Israeli killing of aid workers condemned by international community

2024-04-03 Editor : Li Yan ECNS App Download

Australia joined the widespread international slashing of Israel following the deaths of foreign aid workers in a targeted Israeli air strike in Gaza on Monday.

The Chief of Staff of the Israel Defense Forces, Lieutenant-General Herzi Halevi, said in a video statement on Wednesday that he had been presented with preliminary findings from an inquiry into the incident.

"The strike was not carried out with the intention of harming WCK aid workers," he said. "It was a mistake that followed a misidentification — at night, during a war, in very complex conditions. It shouldn't have happened."

Israel's Prime Minister Benjamin Netanyahu has promised a full investigation into the air strike saying "while tragic, these things happen in war".

One of those killed was Australian aid worker Lalzawmi "Zomi" Frankcom, described by friends and family as a "caring, selfless human being".

Melbourne-born Frankcom was killed in Deir al-Balah, in central Gaza, while working with the World Central Kitchen (WCK) charity on Monday, along with six other international aid workers and their Palestinian driver.

The others were British, Polish, Irish, a dual US-Canadian citizen and Palestinians.

Britain, Australia, Poland, the United States and Canada have all condemned the attack and have demanded "answers" from Israel.

In a telephone called with Netanyahu on Wednesday, Australia's Prime Minister Anthony Albanese expressed Australia's outrage over the attack on innocent aid workers.

Australia's Foreign Minister, Penny Wong, speaking on ABC radio Tuesday said: "War time does not obviate responsibility for observing international law including aid workers."

Footage posted to social media and photographs from international agencies on Tuesday showed the bodies of the dead aid workers at Al-Aqsa Martyrs Hospital in Deir al-Balah. They were still wearing protective gear with the WCF logo, and their passports could also be clearly seen.

"We are deeply mourning the news that our brave and beloved Zomi has been killed doing the work she loves delivering food to the people of Gaza.
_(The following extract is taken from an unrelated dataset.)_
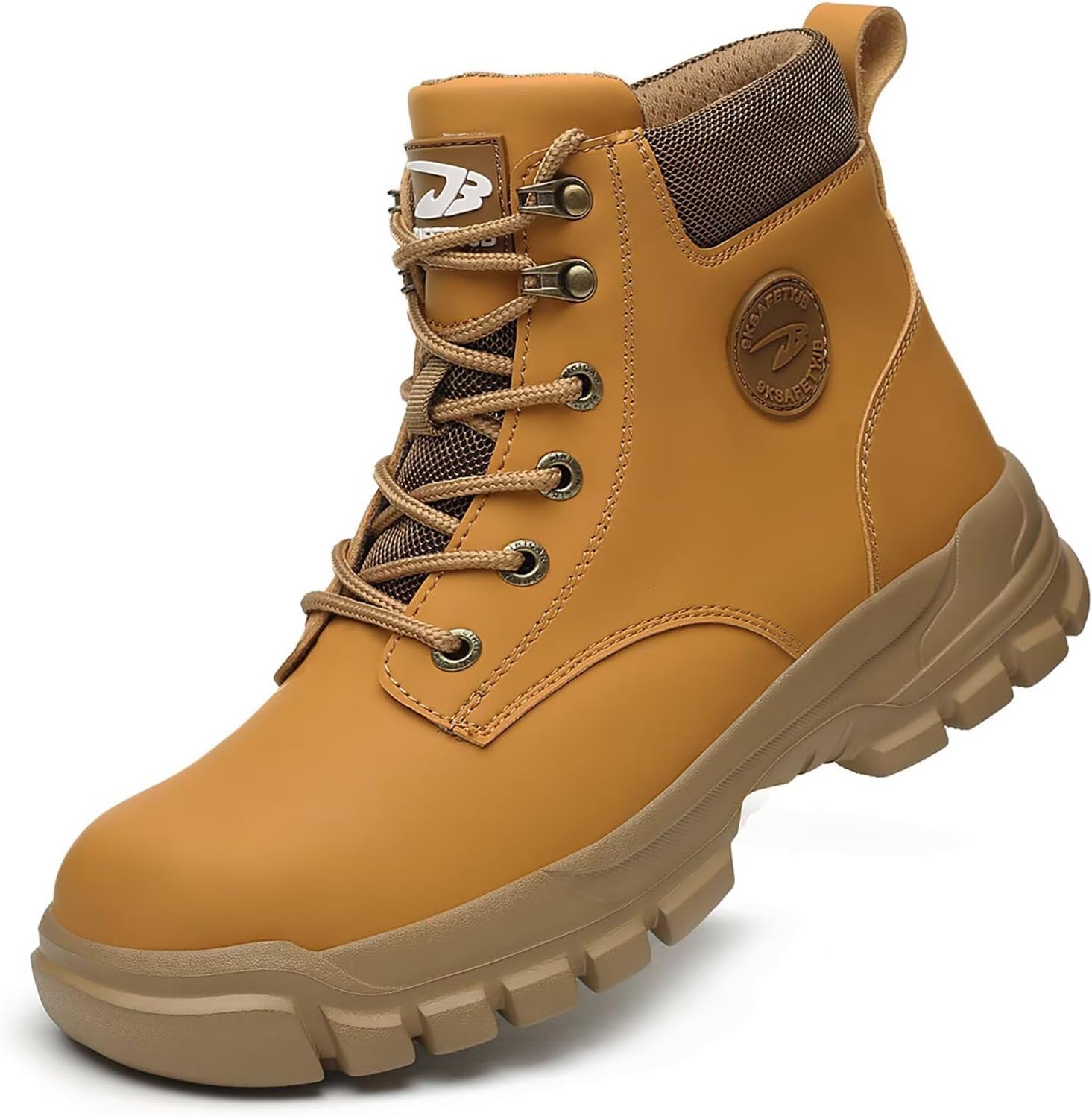 

Ботинки с металлическим носком для мужчин и женщин, легкие, удобные, водонепроницаемые, с композитным носком, противоскользящие, неразрушаемые, широкие защитные туфли Lioerdiwe, желтый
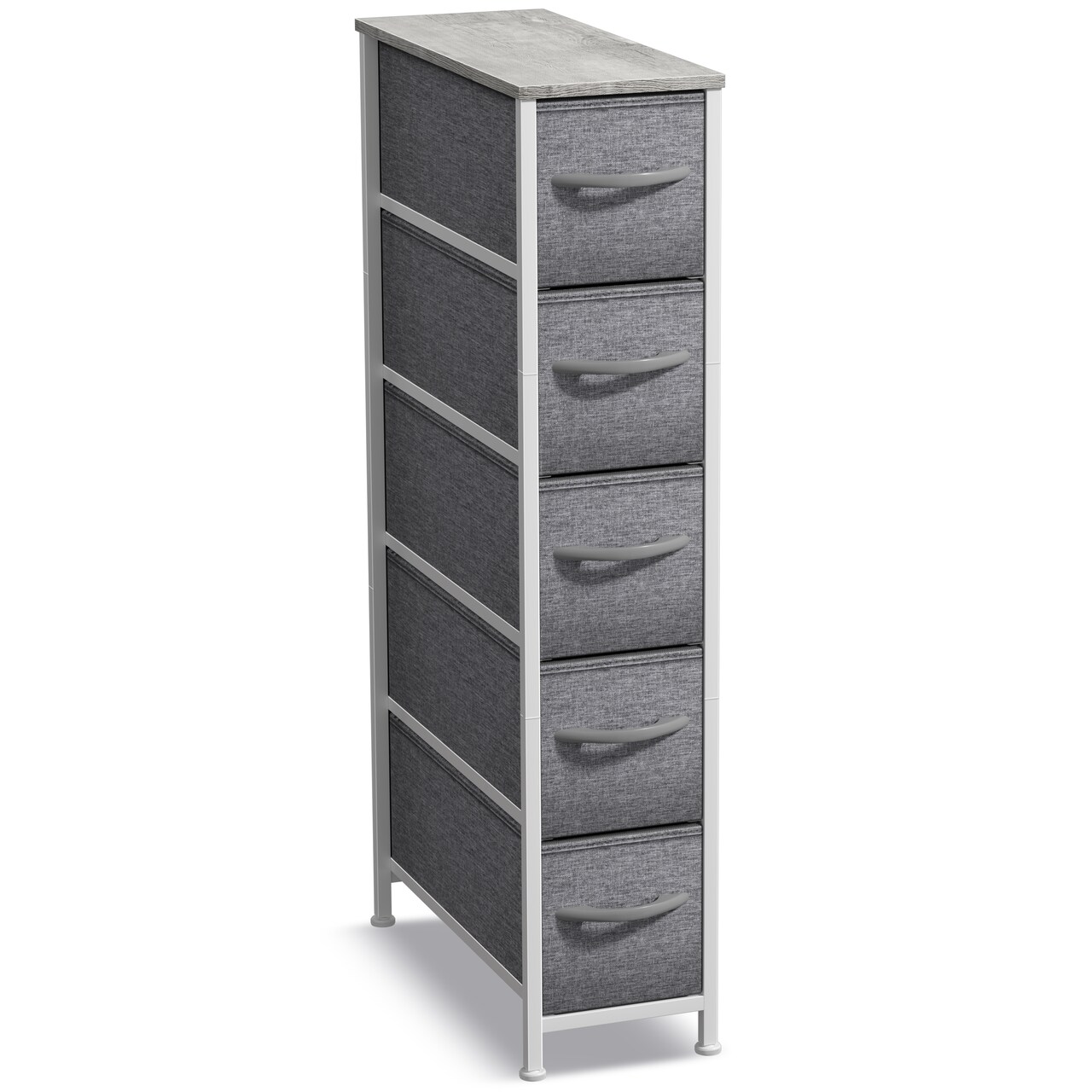 Sorbus Narrow Dresser with 5 Drawers - Steel Frame, Wood Top & Easy Pull Fabric Bins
She was a kind, selfless and outstanding human being that has travelled the world helping others in their time of need," Frankcom's family said in a statement on Tuesday.

"She will leave behind a legacy of compassion, bravery and love for all those in her orbit."

"We are still reeling from the shock, and we humbly request privacy during this difficult time".

The Australian government summoned the Israeli ambassador to Australia, Amir Maimon, to the Department of Foreign Affairs and Trade to give an explanation but was told "he is sick".

Maimon was appointed last year following an extensive career in the Israel Défense Force and the Israel Ministry of Foreign Affairs.

DFAT said in a Tuesday statement that Australia has been "very clear that we expect humanitarian workers in Gaza to have safe and unimpeded access to do their lifesaving work".

Frankcom had worked at the United States-based aid organisation World Central Kitchen since 2019, most recently serving as senior manager for Asia operations in Bangkok, according to her LinkedIn profile.

Celebrity chef and WCK founder Jose Andres said in a social media post "we are heartbroken and grieving for their families and friends and our whole WCK family".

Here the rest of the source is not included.